The symphony, as a rule, is a composition for orchestra made up of four parts, or movements, which are not only related to each other by a bond of sympathy established by the keys chosen but also by their emotional contents. Without this higher bond the unity of the work would be merely mechanical, like the unity accomplished by sameness of key in the old-fashioned suite. The bond of key-relationship, though no longer so obvious as once it was, is yet readily discovered by a musician; the spiritual bond is more elusive, and presents itself for recognition to the imagination and the feelings of the listener. Nevertheless, it is an element in every truly great symphony.

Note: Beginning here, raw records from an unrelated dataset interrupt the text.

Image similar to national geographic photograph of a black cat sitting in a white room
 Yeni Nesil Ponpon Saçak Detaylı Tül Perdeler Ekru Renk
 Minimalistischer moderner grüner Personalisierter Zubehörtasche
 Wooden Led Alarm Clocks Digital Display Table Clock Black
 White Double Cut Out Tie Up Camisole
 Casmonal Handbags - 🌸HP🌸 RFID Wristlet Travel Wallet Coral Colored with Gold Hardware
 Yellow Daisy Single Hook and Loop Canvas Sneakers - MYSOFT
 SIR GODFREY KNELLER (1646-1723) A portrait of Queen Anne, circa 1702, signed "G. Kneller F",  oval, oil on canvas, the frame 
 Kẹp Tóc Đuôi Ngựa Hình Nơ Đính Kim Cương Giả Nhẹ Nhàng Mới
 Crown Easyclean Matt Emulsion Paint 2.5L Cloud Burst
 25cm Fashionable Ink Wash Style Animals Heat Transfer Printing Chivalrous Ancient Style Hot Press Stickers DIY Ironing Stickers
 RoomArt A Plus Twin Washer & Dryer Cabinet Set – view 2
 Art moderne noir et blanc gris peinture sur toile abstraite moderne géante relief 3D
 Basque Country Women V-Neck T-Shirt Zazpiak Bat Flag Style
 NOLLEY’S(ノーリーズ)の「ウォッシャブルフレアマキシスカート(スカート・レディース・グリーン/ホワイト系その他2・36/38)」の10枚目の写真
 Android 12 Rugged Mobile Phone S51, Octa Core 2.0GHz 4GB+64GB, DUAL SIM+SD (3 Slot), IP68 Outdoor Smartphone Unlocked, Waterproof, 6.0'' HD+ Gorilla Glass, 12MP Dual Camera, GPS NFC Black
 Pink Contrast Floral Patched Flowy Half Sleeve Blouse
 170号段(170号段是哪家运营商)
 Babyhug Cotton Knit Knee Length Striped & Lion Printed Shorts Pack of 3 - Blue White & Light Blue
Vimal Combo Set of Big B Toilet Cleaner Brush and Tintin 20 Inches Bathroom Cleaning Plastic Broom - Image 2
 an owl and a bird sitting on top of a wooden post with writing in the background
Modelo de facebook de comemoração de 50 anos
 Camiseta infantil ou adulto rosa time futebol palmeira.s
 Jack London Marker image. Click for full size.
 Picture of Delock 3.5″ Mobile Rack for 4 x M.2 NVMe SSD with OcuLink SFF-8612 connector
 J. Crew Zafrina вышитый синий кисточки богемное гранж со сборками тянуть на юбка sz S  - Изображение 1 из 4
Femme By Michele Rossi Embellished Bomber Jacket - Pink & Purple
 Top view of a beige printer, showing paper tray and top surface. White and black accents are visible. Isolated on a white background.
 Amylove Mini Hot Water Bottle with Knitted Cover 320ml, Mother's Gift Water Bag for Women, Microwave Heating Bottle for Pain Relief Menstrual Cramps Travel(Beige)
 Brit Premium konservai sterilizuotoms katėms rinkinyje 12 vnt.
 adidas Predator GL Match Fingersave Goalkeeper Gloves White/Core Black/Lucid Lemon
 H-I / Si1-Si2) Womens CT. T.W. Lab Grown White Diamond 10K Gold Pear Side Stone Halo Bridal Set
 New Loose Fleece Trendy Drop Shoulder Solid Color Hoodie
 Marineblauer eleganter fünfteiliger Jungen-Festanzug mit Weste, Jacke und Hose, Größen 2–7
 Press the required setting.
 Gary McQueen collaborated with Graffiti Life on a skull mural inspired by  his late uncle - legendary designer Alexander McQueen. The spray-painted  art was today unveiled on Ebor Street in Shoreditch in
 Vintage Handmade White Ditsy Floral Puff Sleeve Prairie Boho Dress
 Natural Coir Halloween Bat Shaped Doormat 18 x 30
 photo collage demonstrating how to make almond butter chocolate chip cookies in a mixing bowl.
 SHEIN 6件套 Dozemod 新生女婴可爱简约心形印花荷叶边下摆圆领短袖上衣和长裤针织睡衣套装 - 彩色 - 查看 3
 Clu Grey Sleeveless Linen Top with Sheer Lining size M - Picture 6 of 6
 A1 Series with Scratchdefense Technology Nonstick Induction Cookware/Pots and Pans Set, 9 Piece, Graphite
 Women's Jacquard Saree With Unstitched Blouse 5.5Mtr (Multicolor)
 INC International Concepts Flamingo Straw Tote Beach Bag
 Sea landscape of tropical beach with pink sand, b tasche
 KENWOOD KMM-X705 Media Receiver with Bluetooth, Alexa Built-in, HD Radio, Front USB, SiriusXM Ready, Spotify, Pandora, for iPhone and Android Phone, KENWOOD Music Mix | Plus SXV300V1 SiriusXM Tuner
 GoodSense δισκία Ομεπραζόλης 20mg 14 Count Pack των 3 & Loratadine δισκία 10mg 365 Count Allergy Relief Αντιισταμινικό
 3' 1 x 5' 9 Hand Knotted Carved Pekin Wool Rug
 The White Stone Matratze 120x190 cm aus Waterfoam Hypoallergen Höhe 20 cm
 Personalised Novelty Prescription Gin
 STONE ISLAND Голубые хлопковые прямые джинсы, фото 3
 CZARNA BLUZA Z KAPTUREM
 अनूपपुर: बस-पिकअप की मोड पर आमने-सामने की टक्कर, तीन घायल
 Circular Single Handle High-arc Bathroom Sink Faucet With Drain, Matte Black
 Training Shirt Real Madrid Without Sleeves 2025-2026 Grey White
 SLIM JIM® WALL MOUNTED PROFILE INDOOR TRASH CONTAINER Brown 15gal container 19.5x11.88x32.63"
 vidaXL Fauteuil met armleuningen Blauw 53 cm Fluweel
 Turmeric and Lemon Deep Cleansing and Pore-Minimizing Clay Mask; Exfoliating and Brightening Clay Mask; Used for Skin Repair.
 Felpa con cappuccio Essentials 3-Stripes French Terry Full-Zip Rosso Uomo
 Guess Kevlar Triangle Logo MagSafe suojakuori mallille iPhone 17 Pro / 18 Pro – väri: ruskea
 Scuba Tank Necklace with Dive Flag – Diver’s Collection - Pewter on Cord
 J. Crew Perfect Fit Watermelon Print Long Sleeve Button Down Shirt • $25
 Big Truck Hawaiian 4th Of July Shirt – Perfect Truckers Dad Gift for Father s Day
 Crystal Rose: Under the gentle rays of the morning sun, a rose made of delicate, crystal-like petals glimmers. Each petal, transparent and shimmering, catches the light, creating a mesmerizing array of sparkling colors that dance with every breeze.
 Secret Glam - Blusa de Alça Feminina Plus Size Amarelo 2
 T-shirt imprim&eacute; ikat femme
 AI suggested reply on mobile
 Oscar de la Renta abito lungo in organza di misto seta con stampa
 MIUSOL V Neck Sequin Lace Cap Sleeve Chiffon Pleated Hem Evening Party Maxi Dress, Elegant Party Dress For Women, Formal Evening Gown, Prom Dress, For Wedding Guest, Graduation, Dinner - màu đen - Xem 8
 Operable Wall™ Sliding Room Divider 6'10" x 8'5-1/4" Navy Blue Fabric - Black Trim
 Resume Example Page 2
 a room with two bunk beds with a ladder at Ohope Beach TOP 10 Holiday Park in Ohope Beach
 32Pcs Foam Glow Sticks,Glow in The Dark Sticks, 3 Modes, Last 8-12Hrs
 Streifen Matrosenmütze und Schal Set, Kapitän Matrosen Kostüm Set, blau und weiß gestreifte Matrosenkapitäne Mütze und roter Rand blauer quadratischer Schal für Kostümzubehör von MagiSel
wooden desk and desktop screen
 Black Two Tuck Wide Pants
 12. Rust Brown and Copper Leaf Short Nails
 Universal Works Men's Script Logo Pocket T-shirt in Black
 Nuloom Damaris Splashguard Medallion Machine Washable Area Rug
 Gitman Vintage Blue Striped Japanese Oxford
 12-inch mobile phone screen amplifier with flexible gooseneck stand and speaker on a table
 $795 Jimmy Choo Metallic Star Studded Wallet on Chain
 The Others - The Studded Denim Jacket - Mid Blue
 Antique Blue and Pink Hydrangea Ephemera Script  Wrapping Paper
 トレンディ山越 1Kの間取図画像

It is the first movement of a symphony which embodies the structural scheme called the “sonata form.” It has a triple division. In the first division the composer introduces the melodies which he has chosen to be the thematic material of the movement, and to fix the character of the entire work; he presents it for identification. The themes are two, and their exposition generally exemplifies the principle of key-relationship.
In the case of the best symphonists the principal and second subjects disclose a contrast, not violent but yet distinct, in mood or character. If the first is rhythmically energetic and assertive–masculine, let me say–the second will be more sedate, more gentle in utterance–feminine. After the two subjects have been introduced along with some subsidiary phrases and passages which the composer uses to bind them together and modulate from one key into another, the entire division is repeated.
The second division is now taken up. In it the composer exploits his learning and fancy in developing his thematic material. He is now entirely free to send it through long chains of keys, to vary the harmonies, rhythms, and instrumentation, to take a single pregnant motive and work it out with all the ingenuity he can muster. Technically this part is called the “free fantasia” in English, and the Durchfuhrung –”working out”– in German. I mention the terms because they sometimes occur in criticisms and analyses. It is in this division that the genius of a composer has fullest play, and there is no greater pleasure, no more delightful excitement, for the symphony-lover than to follow the luminous fancy of Beethoven through his free fantasias. The third division is devoted to a repetition, with modifications, of the first division and the addition of a close.